Israeli-born conductor Nimrod David Pfeffer serves as Assistant Conductor at The Metropolitan Opera in New York City, and as Music Director of the Lyric Opera Company of Guatemala. He made his debut with the Metropolitan Opera Orchestra in 2014, sharing the podium with James Levine at the DiMenna Center in New York.
At the Met, he served as Assistant Conductor, Cover Conductor, and Assistant Chorus Master in productions of Die Entführung aus dem Serail, Guillaume Tell, L'Italiana in Algeri, Aida, Idomeneo, Eugene Onegin, Der Fliegende Holländer, Otello, Tannhäuser, Un Ballo in Maschera, La Bohème, and Die Zauberflöte.
At The Lyric Opera Company of Guatemala, which he Co-Founded in 2016, he commissioned and performed nationally-televised original productions of Rigoletto and L'Elisir d'Amore. In 2017-18 he will conduct a new production of La Bohème with the company, as well as Verdi’s Requiem in collaboration with the Guatemala National Symphony Orchestra.
As a guest conductor, Mr. Pfeffer has recently collaborated with the Mariinsky Orchestra, The Juilliard Orchestra, The Guatemala National Symphony Orchestra, and The Symphonic Orchestra of the State Capella of St. Petersburg.
Mr. Pfeffer is an active concert pianist, whose career highlights included solo recitals at Carnegie Hall’s Weill Recital Hall; performances of the music of Chopin on the stage of The Metropolitan Opera in American Ballet Theatre's production of The Lady of the Camellias; a nationally-televised solo recital from the Russian Kremlin; and solo appearances with the Israel Philharmonic Orchestra among other orchestras.
Mr. Pfeffer is dedicated to promoting dialogue between Arabs and Jews in his native Israel. In 2009 he presented a concert in honor of peace at Carnegie Hall's Weill Recital Hall, benefiting the Jezreel Valley Music Center, in which Arabs and Jews study music together. The center was struggling with financial difficulties, and the performance helped raising funds that prevented it from closing. Mr. Pfeffer is honoured to have received the Davis Projects for Peace Award for this initiative.
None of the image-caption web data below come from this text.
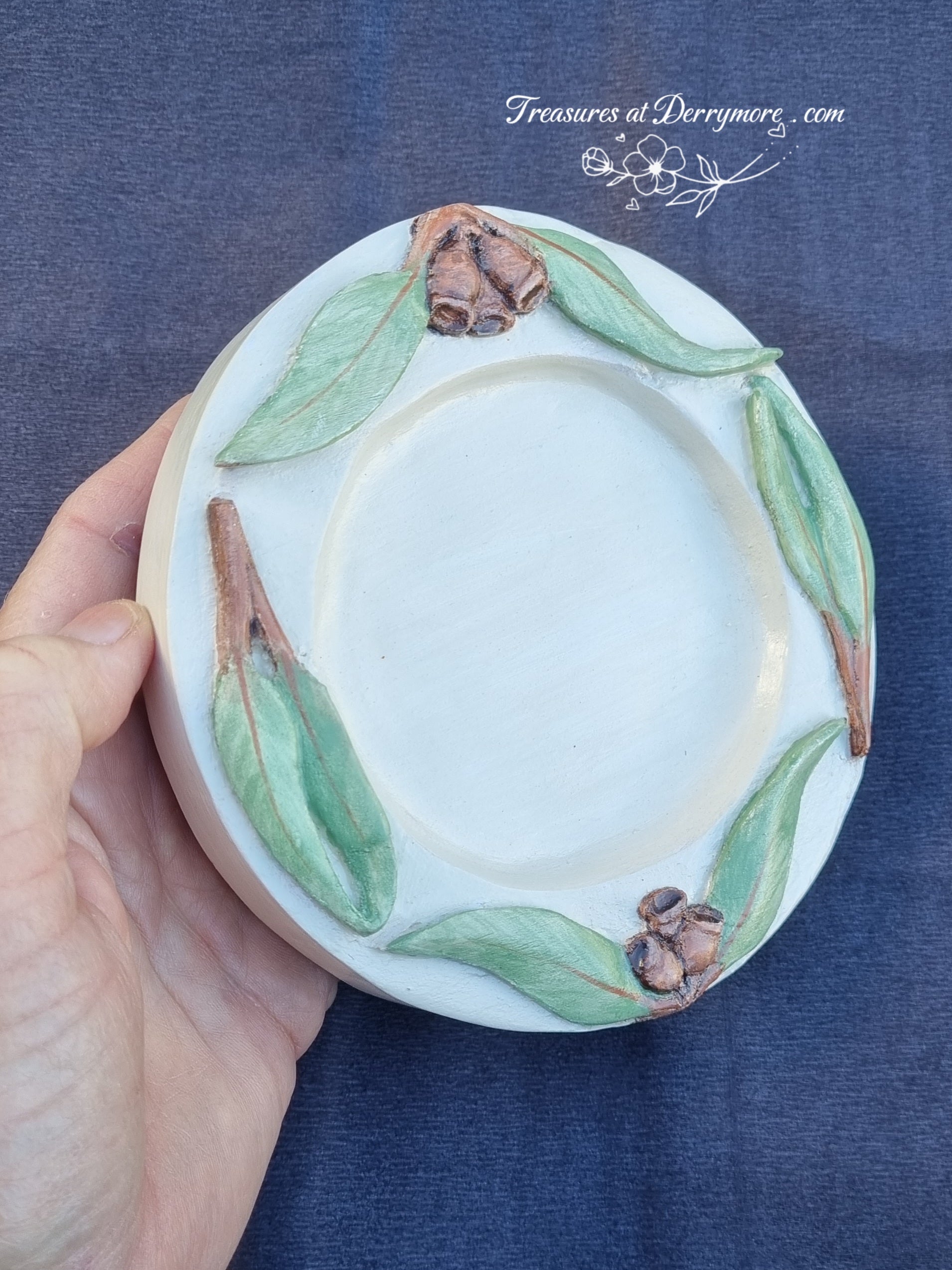 Hand carved round wooden dish with relief carved & green painted Eucalyptus leaves & brown gumnuts around the rim of dish 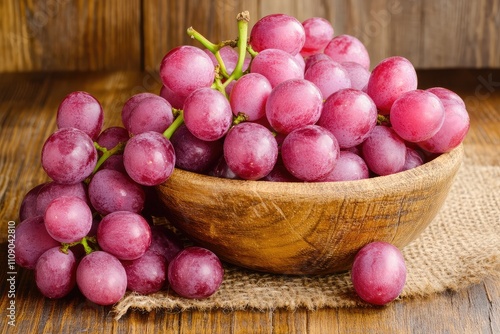 A collection of ripe red grapes is displayed in a wooden bowl on a rustic wooden surface, complemented by a burlap cloth photo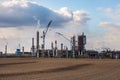 Panorama of industrial landscape environmental pollution waste of thermal power plant. Big pipes of chemical industry enterprise Royalty Free Stock Photo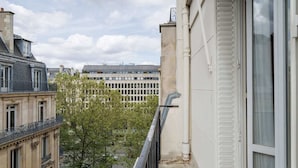 Een gebouw met balkon, boom en straatbeeld.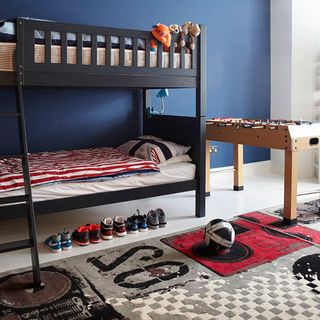 childrens room with double bed and shoes with cosy carpet on floor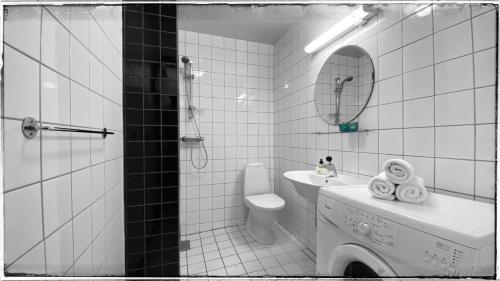 a white tiled bathroom with a toilet and a sink at Bergvegen Guesthouse Aalesund in Ålesund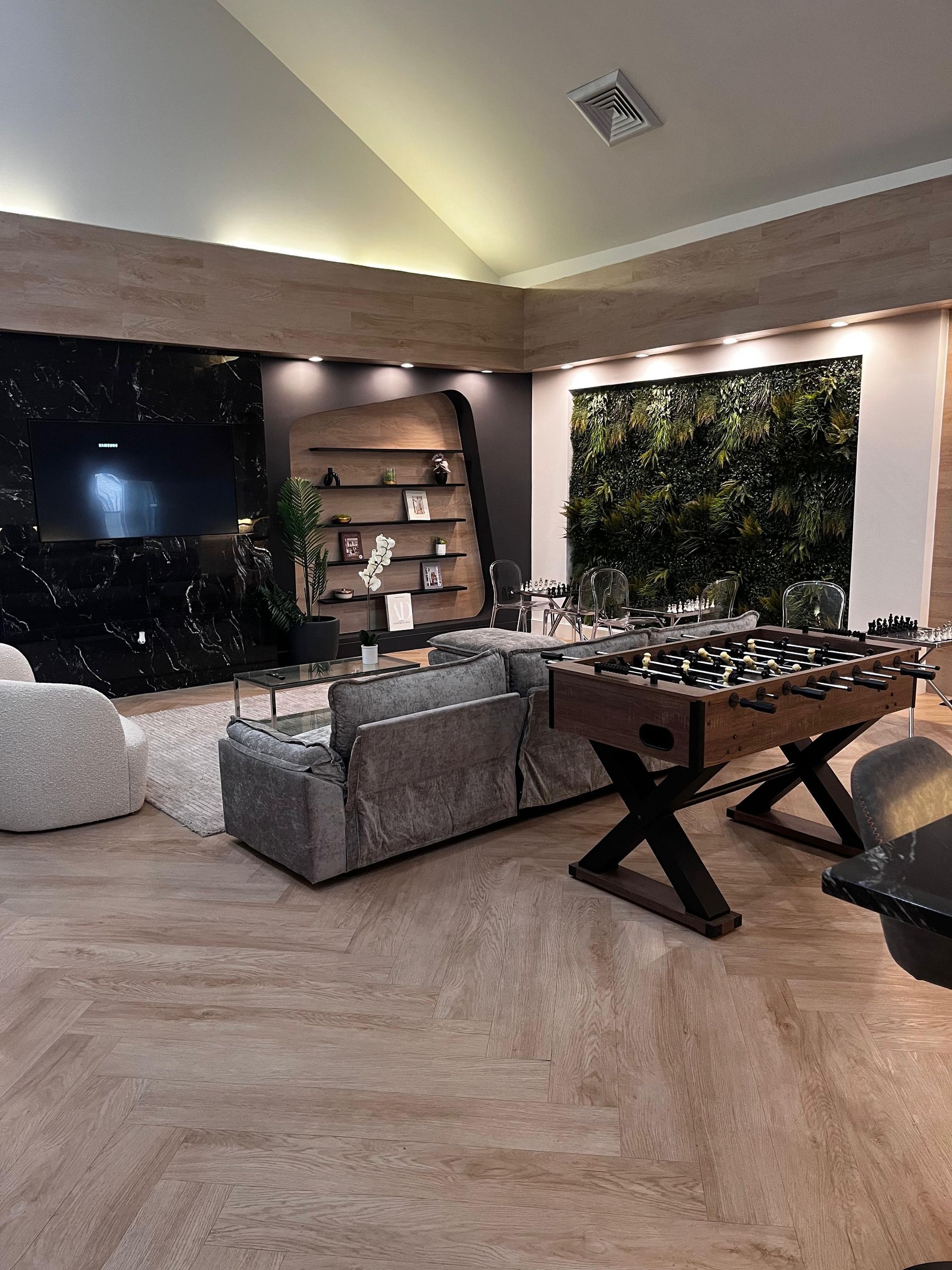 Modern living room with gray sofas, a pool table, wall shelves, and a green plant wall.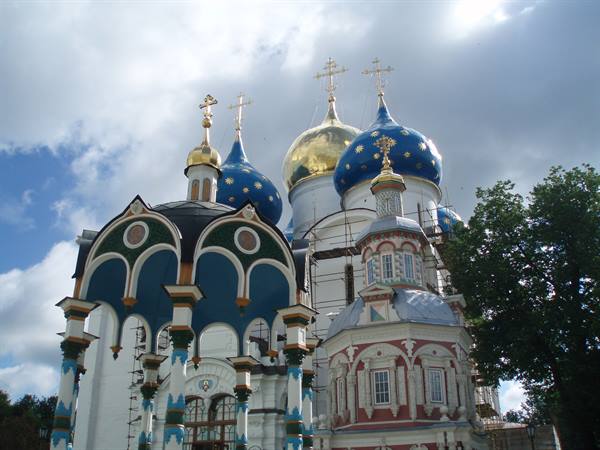 Blue and golden domes of the Trinity Lavra in Sergiev Posad under clouds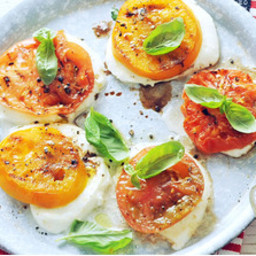 Sliced grilled heirloom tomatoes and mozzarella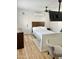 Bright bedroom with a queen-size bed and built-in shelving at 2143 W Wilshire Dr, Phoenix, AZ 85009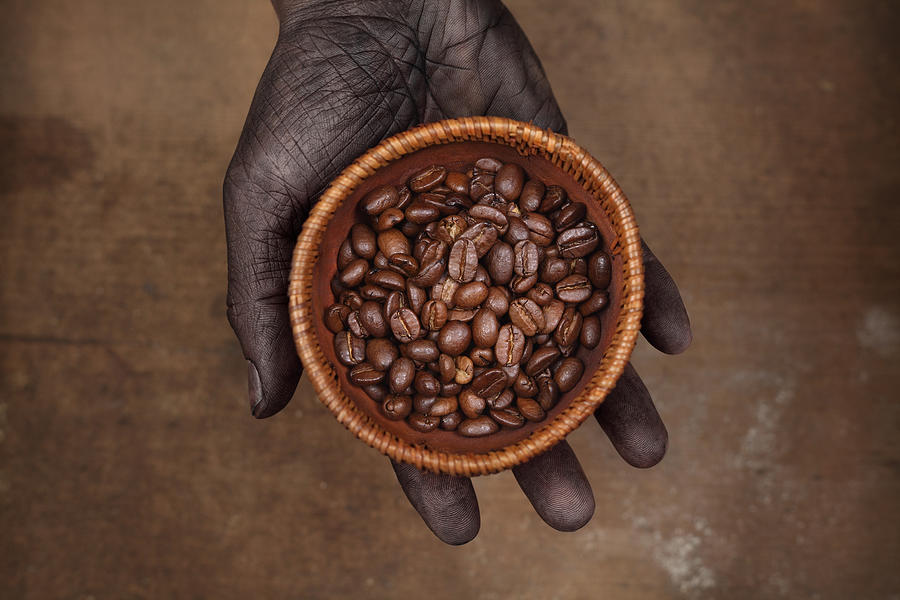 Dark Hand Holding Coffee Beans In Photograph by Narvikk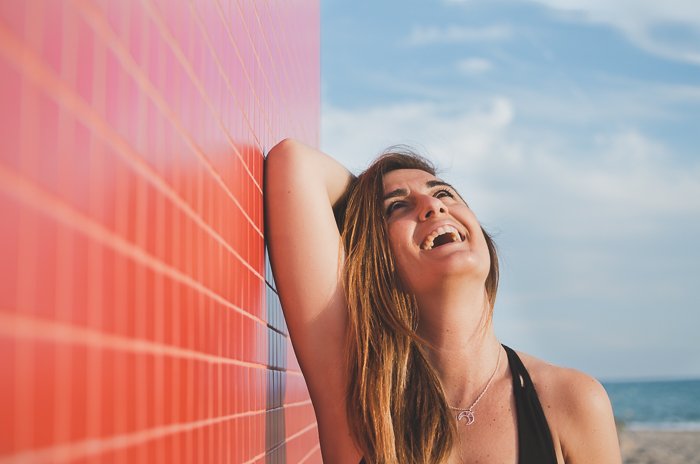 Женщина смеется в лучах солнца рядом с красной стеной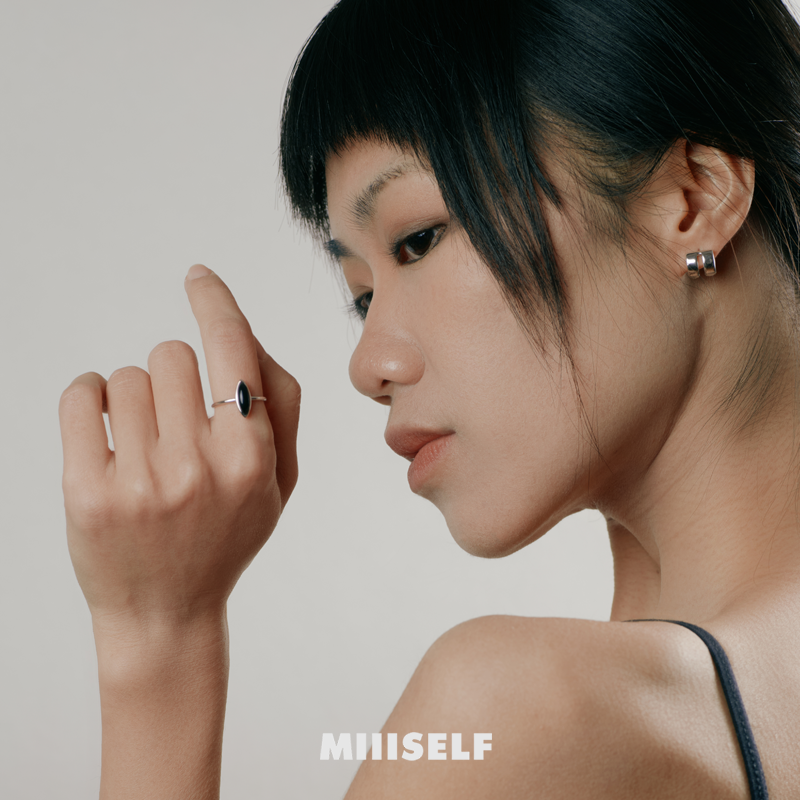 Woman wearing a ring with 'MIIISELF' branding on a neutral background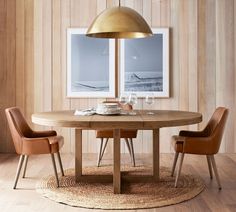 a dining room table with two chairs and a lamp hanging over it in front of wooden paneled walls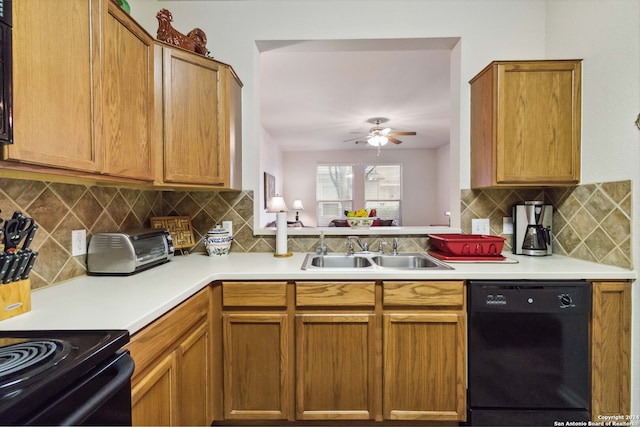 kitchen with sink, dishwasher, ceiling fan, and backsplash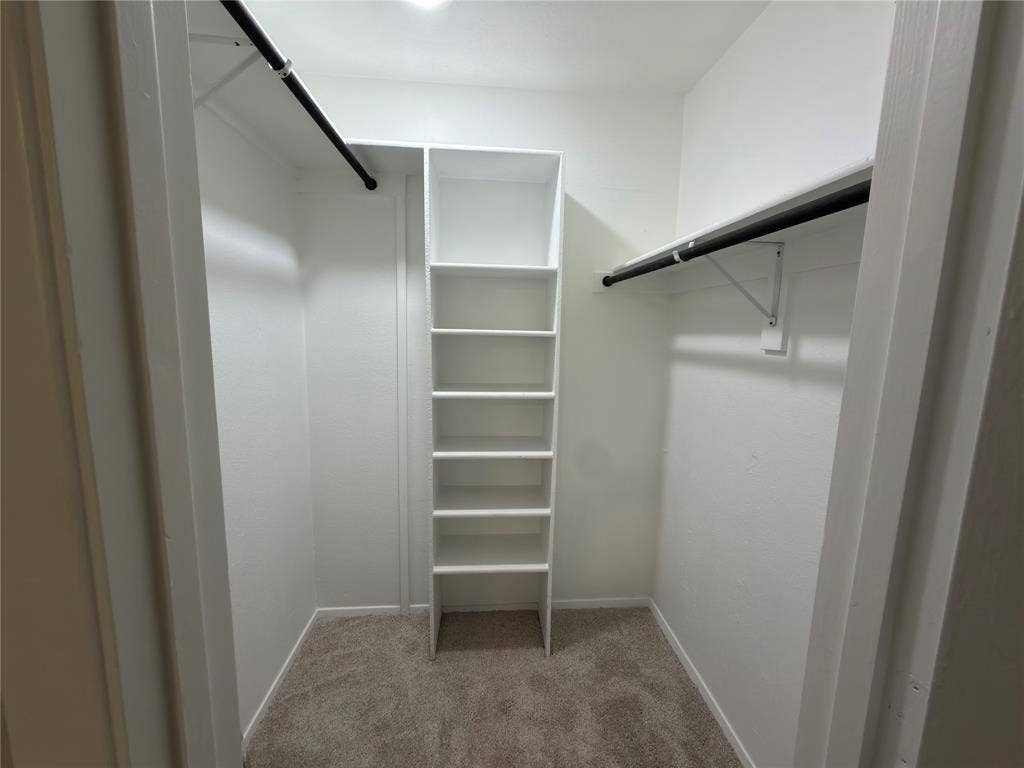 1834 Caldwell, Garland, TX 75041 Walk-in closet with carpet flooring, built-in shelving, and dual hanging rods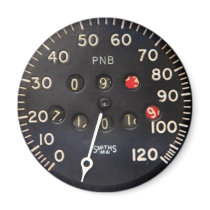 old speedometer gauge from a vintage race car fridge magnet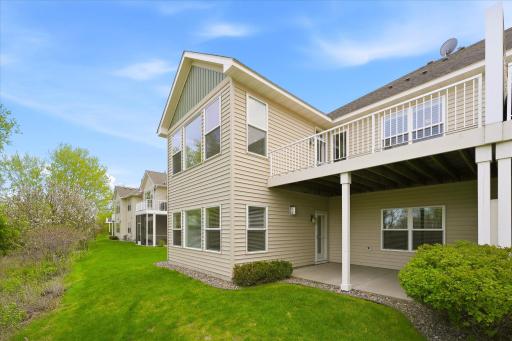 Exterior view from the back showing the large lower level patio and the main level deck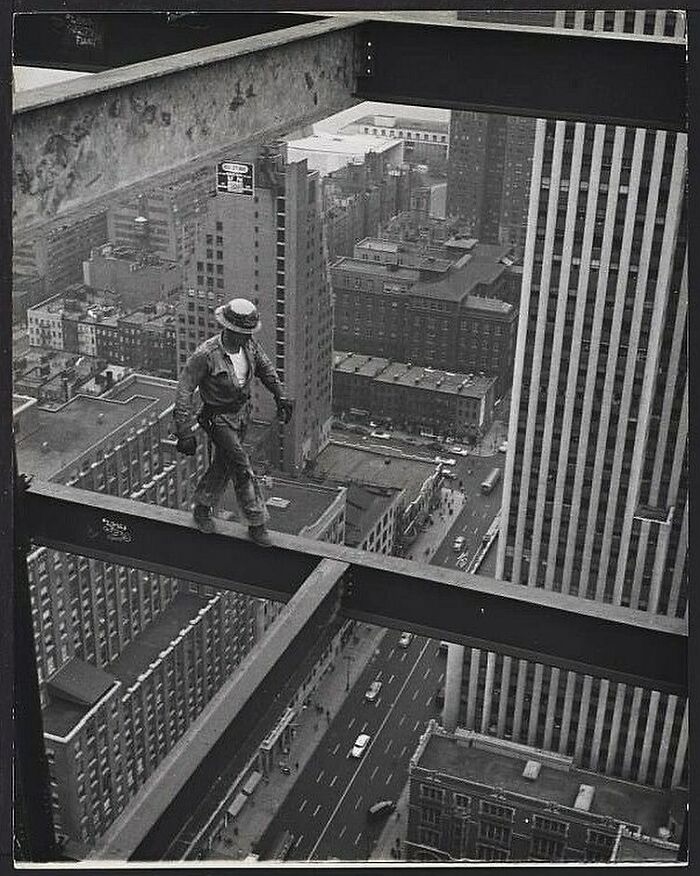 A New York Construction Worker Walks Along A Girder High Above The City Streets, 1950.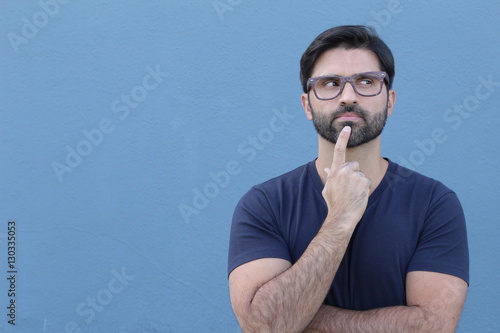Young handsome man doubting isolated over blue background with lots of copy space 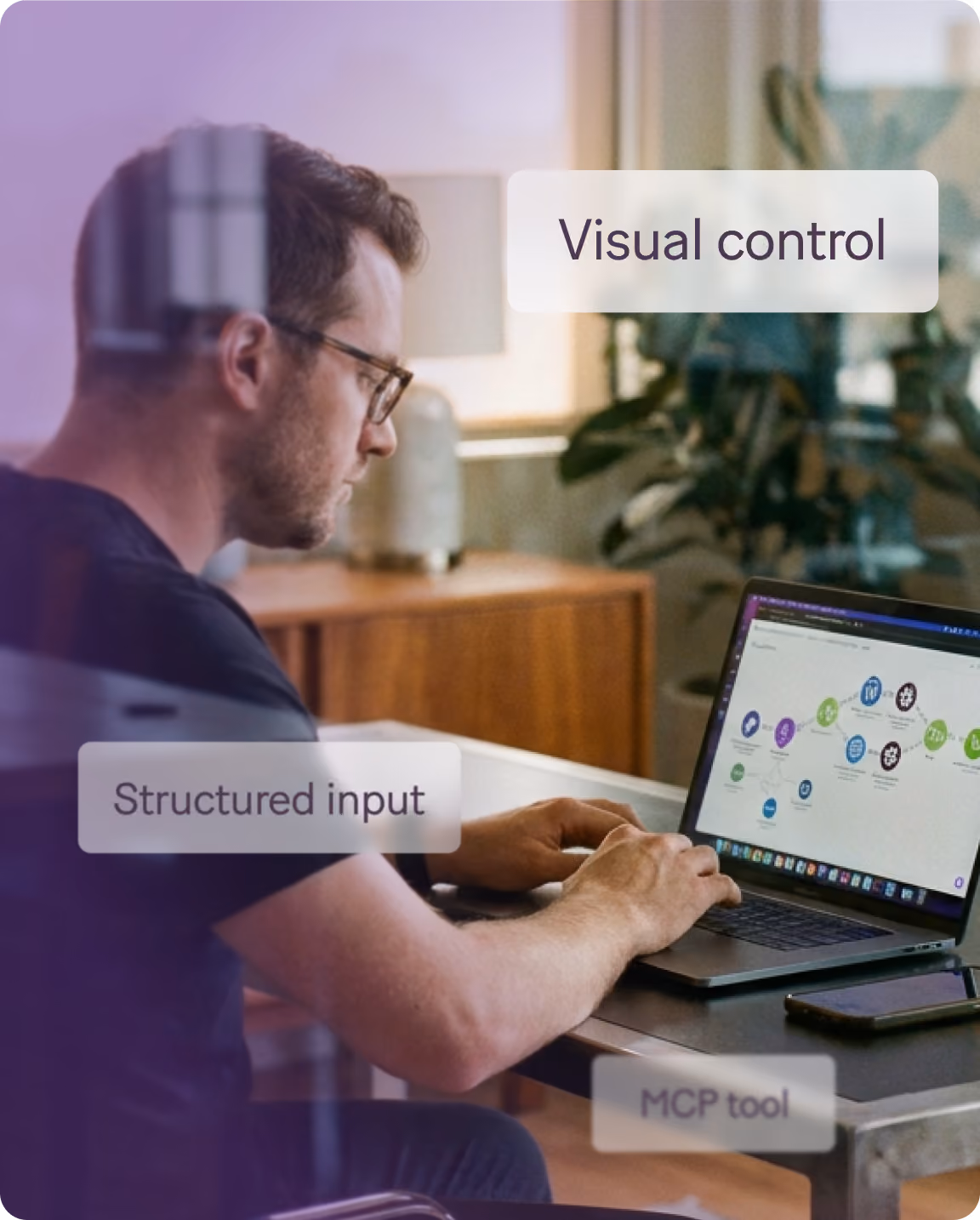 Man at a laptop building with visual control and structured inputs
Mr. Pfeffer is a recent graduate from The Juilliard School in New York City, where he was a student of Alan Gilbert. At Juilliard he was a recipient of the Bruno Walter Scholarship, the Charles Schiff Conducting Prize and the Norman Benzaquen Career Advancement Grant. He is also a graduate of Mannes College of Music and of The Metropolitan Opera's Lindemann Young Artist Development Program. Among his teachers were Pnina Salzman, Victor Rosenbaum, Richard Goode, David Hayes, Alan Gilbert, and James Levine.